** Opening RECORDS SUPPLIED block **

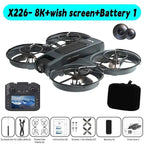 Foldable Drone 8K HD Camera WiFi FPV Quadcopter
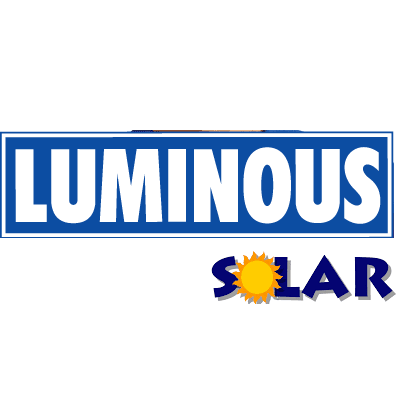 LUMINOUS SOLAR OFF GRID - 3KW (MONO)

** Closing RECORDS SUPPLIED block **
** Opening RECORDS SUPPLIED block **

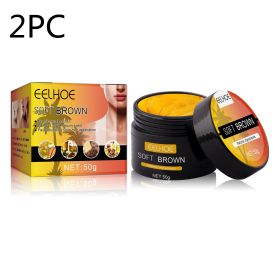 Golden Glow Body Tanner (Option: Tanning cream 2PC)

** Closing RECORDS SUPPLIED block **

▸ **PROBLEM DETAILS**: Please output, exactly as written, the lines above from the one holding "Foldable Drone 8K" through the one holding "LUMINOUS SOLAR OFF GRID - 3KW (MONO)", both included, with the pictures omitted.

▸ **SOLUTION TO THIS TASK**:
 Foldable Drone 8K HD Camera WiFi FPV Quadcopter
 LUMINOUS SOLAR OFF GRID - 3KW (MONO)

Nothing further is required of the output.